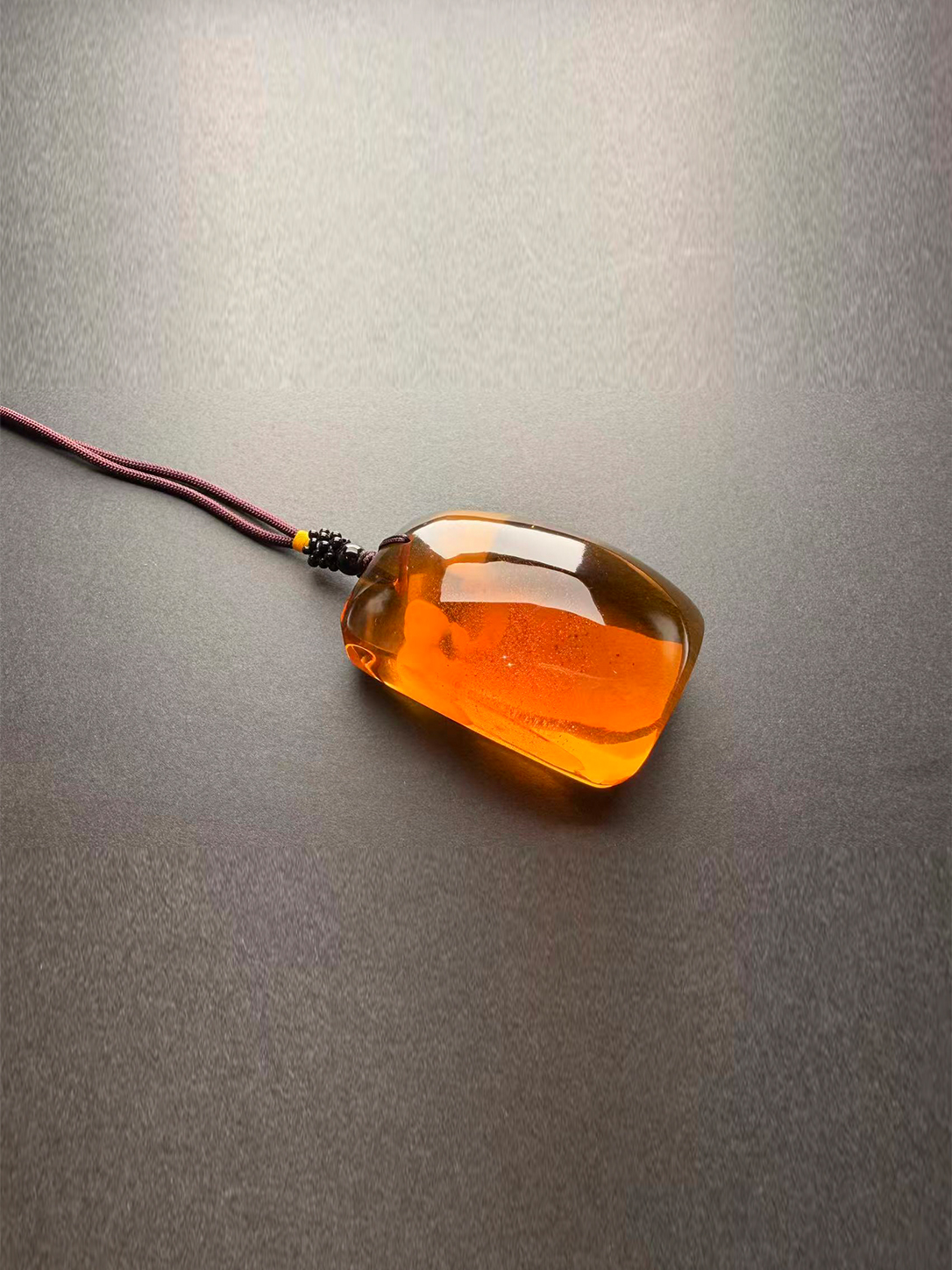 ZB003 精品琥珀挂件 18K镶嵌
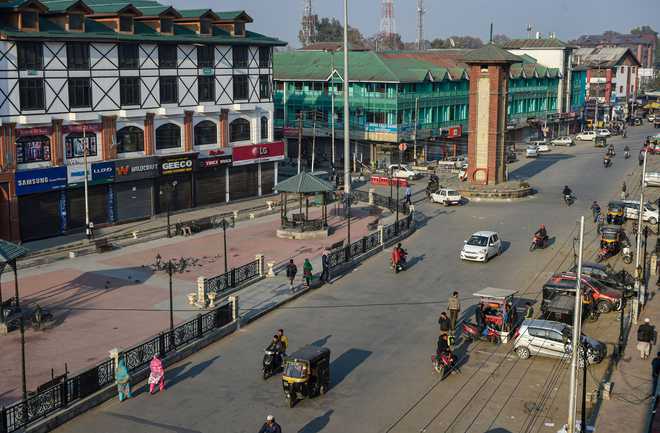 Four injured in clashes in Kashmir, shutdown in Srinagar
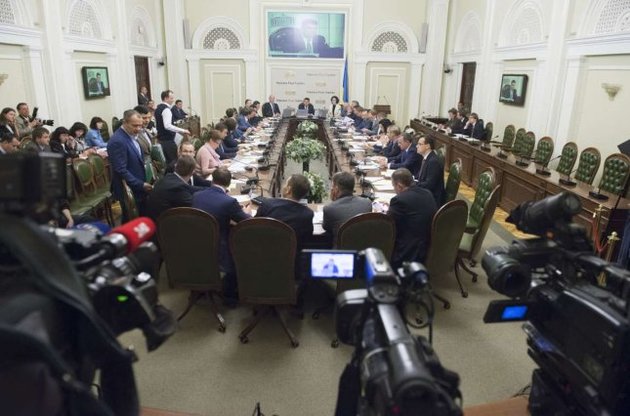 Депутати приходять на погоджувальну раду поговорити про політику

*-*-*

§ What you have to do
Write the listing out exactly, word for word, but omit the pictures.

§ Solution for this task
 ZB003 精品琥珀挂件 18K镶嵌
 Four injured in clashes in Kashmir, shutdown in Srinagar
 Депутати приходять на погоджувальну раду поговорити про політику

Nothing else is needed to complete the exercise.